# Records for this task
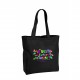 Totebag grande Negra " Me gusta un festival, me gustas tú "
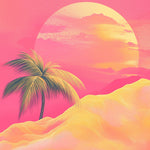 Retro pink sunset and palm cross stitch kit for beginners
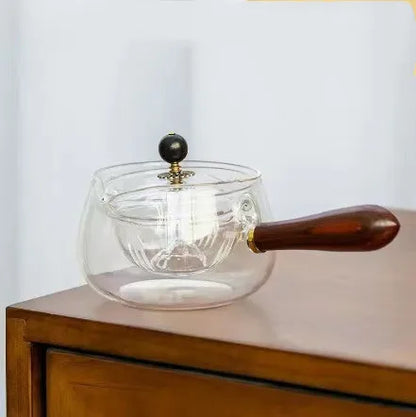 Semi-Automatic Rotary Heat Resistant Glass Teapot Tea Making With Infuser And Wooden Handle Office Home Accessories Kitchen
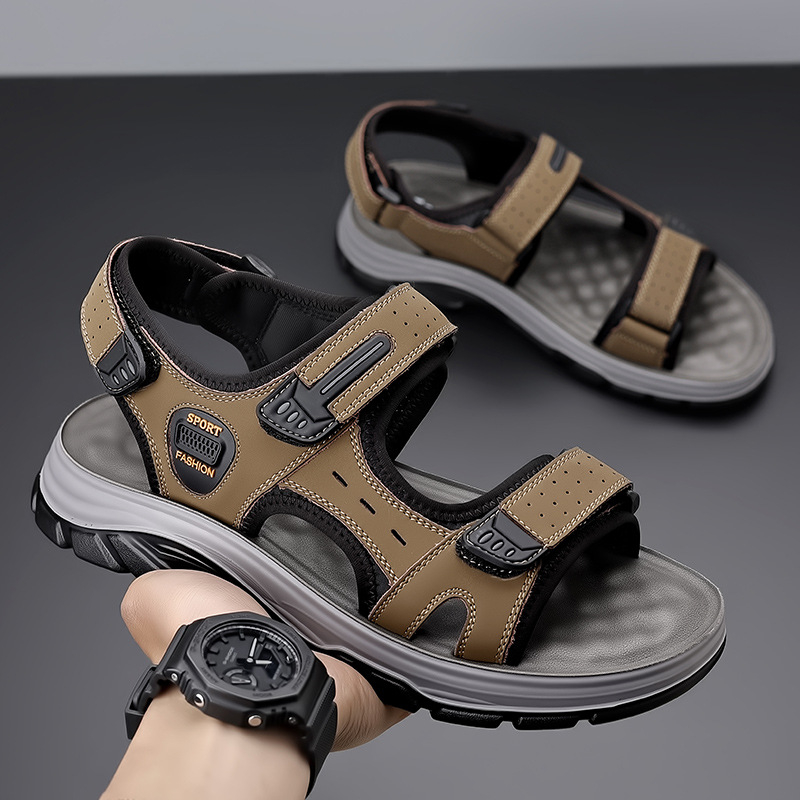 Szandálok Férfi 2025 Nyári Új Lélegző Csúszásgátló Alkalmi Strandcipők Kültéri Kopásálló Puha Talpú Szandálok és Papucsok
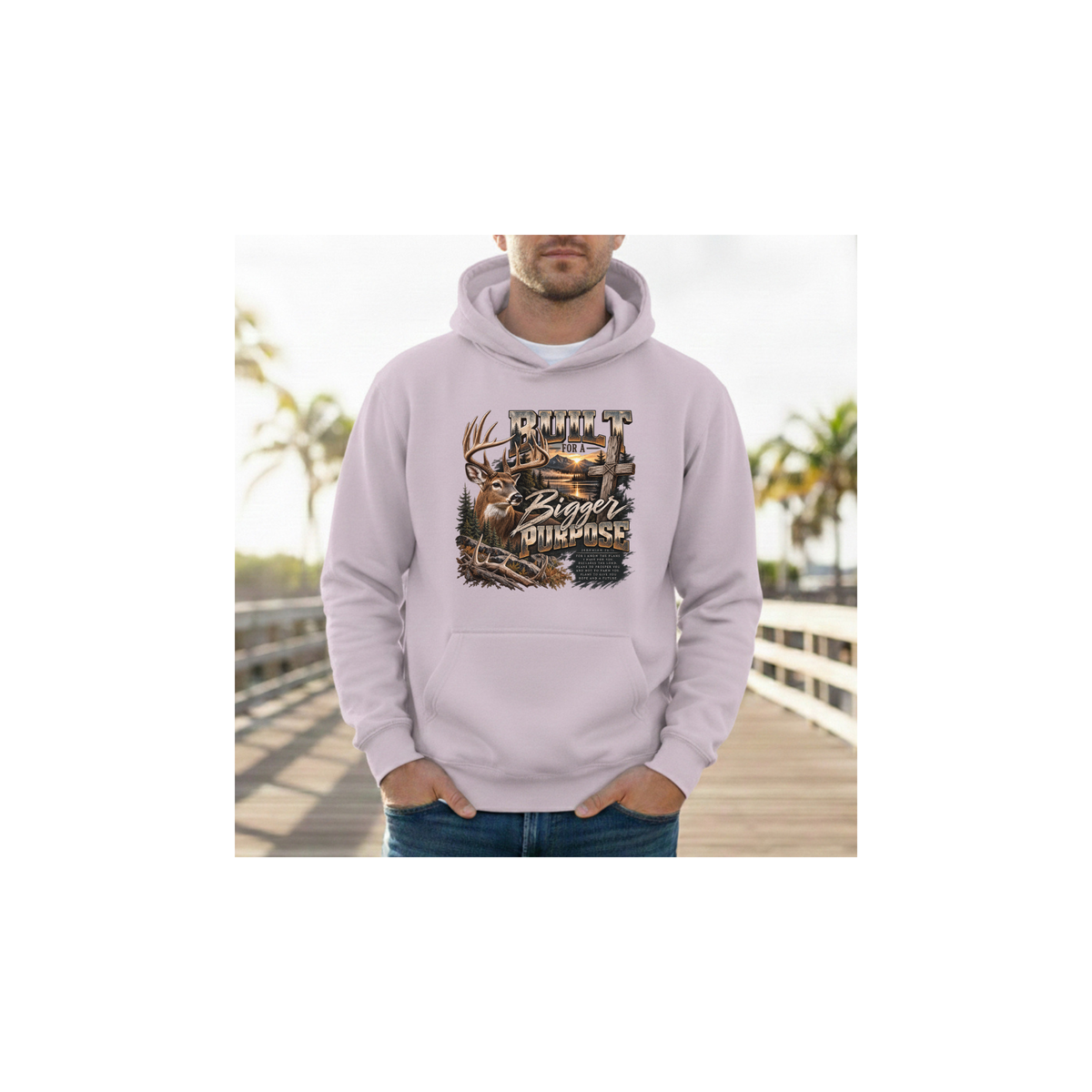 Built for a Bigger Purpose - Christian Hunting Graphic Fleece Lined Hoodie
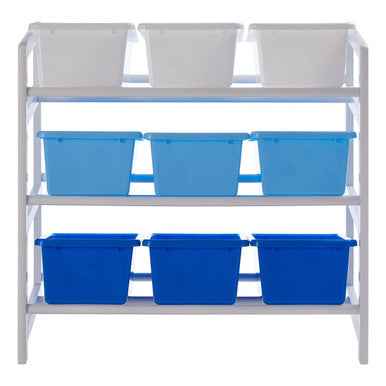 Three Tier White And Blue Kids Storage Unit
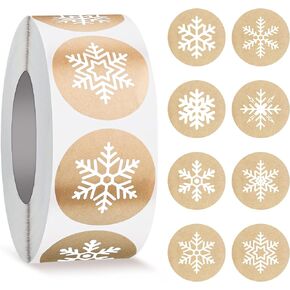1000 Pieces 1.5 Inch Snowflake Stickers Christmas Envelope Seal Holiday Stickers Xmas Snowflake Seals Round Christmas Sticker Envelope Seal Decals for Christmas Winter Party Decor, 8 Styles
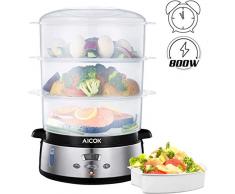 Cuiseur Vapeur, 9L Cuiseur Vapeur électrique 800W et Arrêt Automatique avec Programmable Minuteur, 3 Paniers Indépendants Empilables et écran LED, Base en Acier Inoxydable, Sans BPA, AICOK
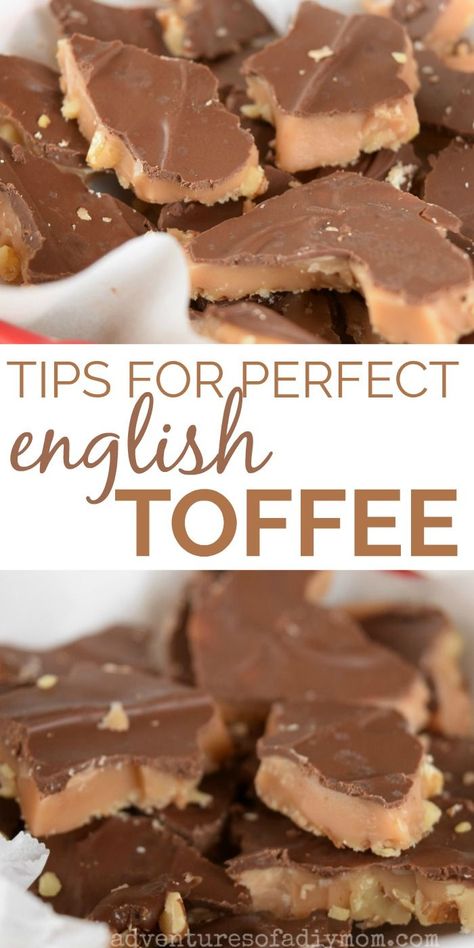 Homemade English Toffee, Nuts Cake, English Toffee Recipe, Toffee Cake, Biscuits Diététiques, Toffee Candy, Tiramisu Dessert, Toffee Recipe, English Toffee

# Prompt
From the first line of the entries above through the line with "1000 Pieces 1.5", set down each line exactly and drop the pictures.

# Completed exercise
 Totebag grande Negra " Me gusta un festival, me gustas tú "
 Retro pink sunset and palm cross stitch kit for beginners
 Semi-Automatic Rotary Heat Resistant Glass Teapot Tea Making With Infuser And Wooden Handle Office Home Accessories Kitchen
 Szandálok Férfi 2025 Nyári Új Lélegző Csúszásgátló Alkalmi Strandcipők Kültéri Kopásálló Puha Talpú Szandálok és Papucsok
 Built for a Bigger Purpose - Christian Hunting Graphic Fleece Lined Hoodie
 Three Tier White And Blue Kids Storage Unit
1000 Pieces 1.5 Inch Snowflake Stickers Christmas Envelope Seal Holiday Stickers Xmas Snowflake Seals Round Christmas Sticker Envelope Seal Decals for Christmas Winter Party Decor, 8 Styles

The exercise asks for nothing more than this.